Example from minimal code (can only execute qpu_mask_tiled):

$ sudo ./QPUMin -c qpu_mask_tiled.bin -q 010000000000
SETUP: 10 instances processing 1/2 columns each, covering 80x60 tiles, plus 0 columns dropped
-- QPU Enabled --
QPUs 1-4: 15 | 14 | 15 | 15
QPUs 5-8: 15 | 15 | 15 | 15
QPUs 9-12: 15 | 15 | 15 | 15
-- Camera Stream started --
QPU stalled - waiting to execute 10 / 10!
     Cycles: 510414826 idle | 35394042 vert | 0 frag | 37 instructions
     Clock 250MHz - 300MHz | 6.5% total load | 7.8% load for used QPUs | 37.9°C SoC temp
     37 instructions | 35394042 load cycles | 0.0% stalls
     TMU: 0.0% realistic bandwidth usage | 4.8 average stall cycles | 40.0% cached
     VPM: 0.0% VDW stall | 0.0% VCD stall (average of program cycles)
     L2C: 100.00% miss (0 hits | 8 misses)
Encountered an error after 0 frames!
-- Camera Stream stopped --
-- QPU Disabled --
Seneral commented 3 years ago

Reduced the test case even further, a program that works on the 3 B+ but stalls on the Zero (although a lot of information is lost compared to the above branch, so I've seperated it into qpuminimal). It also includes a switch to emulated buffers again, so that it can be verified that the program works fine on emulated VCSM buffers, but stalls on camera buffers, even with the camera running alongside it. Minimal main.cpp Minimal qpu_tmu_read.asm that only reads a block of memory using the TMU.

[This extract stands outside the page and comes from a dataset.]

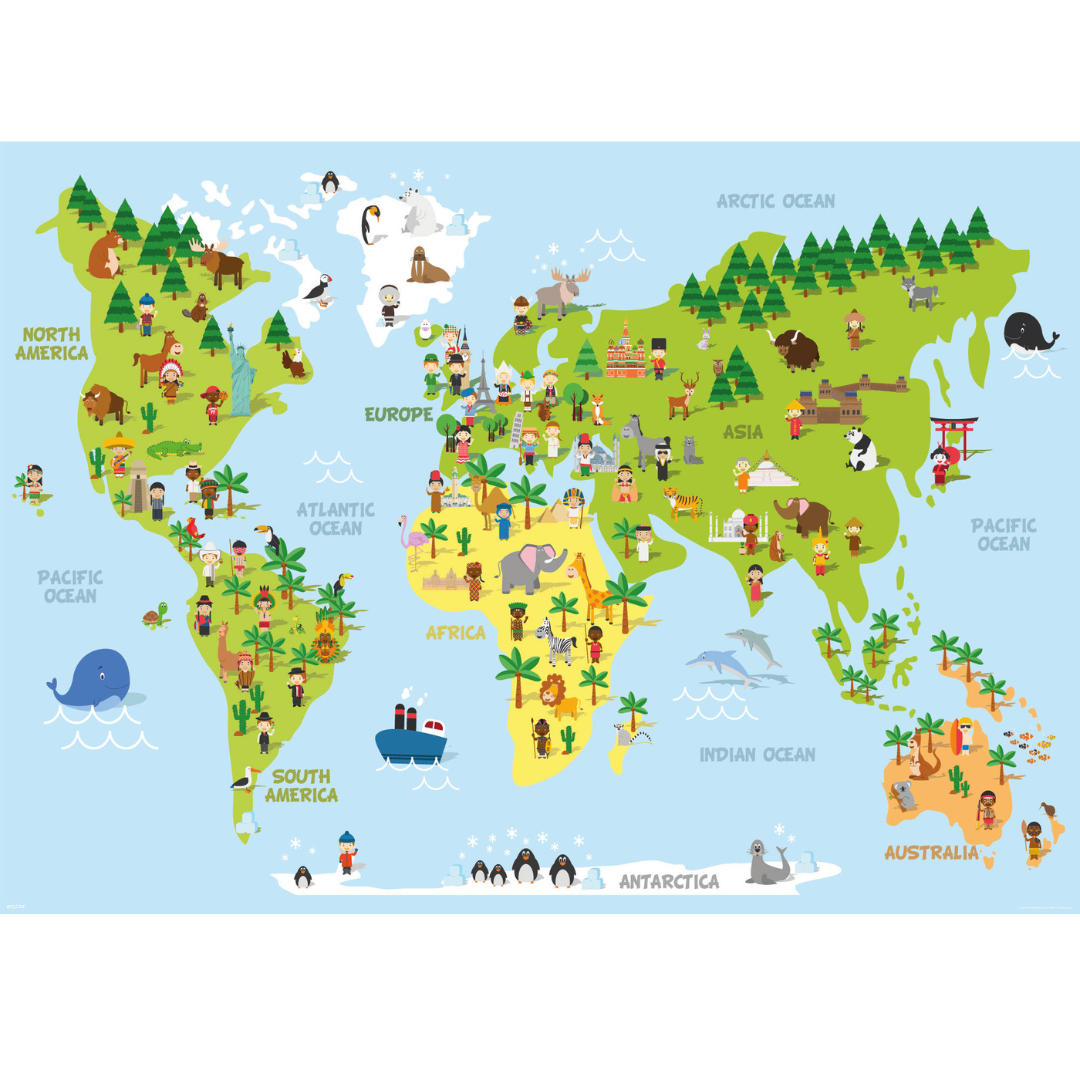 Kurk24 Weltkarte poster Safari – 100 x 140 cm 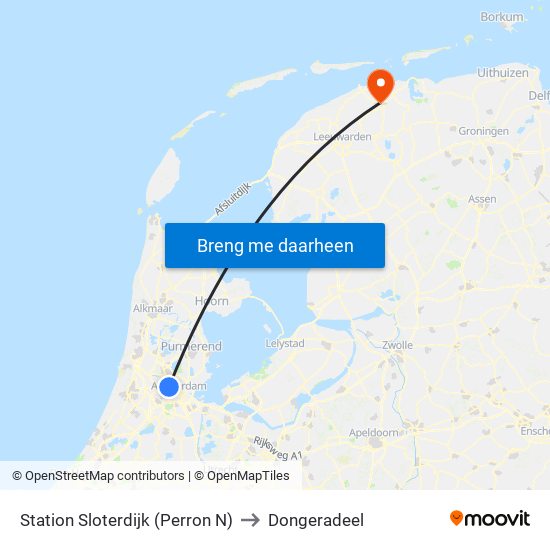 Station Sloterdijk (Perron N) to Dongeradeel map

Seneral commented 3 years ago

For completeness sake, I currently circumvent this bug in my use case by first copying the camera buffer to a custom VCSM buffer before processing with the TMU. The copying process is done by using the VPM DMA Write and Read, which doesn't have any problem accessing the camera frame buffers. Unfortunately this nearly doubles the frametimes on the QPU. But for the actual algorithm the IO (TMU+VDW) and computation was well balanced, the QPU was never starved of input (no stalls) but the IO capacity of the TMUs was pretty much exhausted. Redesigning it with VDR as input would reduce the total frametime by making the workaround unnecessary, but it would be slower than the TMU+VDW alone, so I still have interest in fixing this issue.

Seneral commented 2 years ago

So I have finally circumvented this bug within a couple hours with an idea I had for months but only got around to implement now. I switched from MMAL to a V4L2 backend due to OV9281 drivers, so I only implemented this for V4L2, but supplying the VCSM buffers myself by allocating with vcsm_malloc, then getting the DMAFD using vcsm_export_dmabuf, and supplying that to the V4L2_MEMORY_DMABUF buffers during queueing. Will update the repo after I'm done with the main project.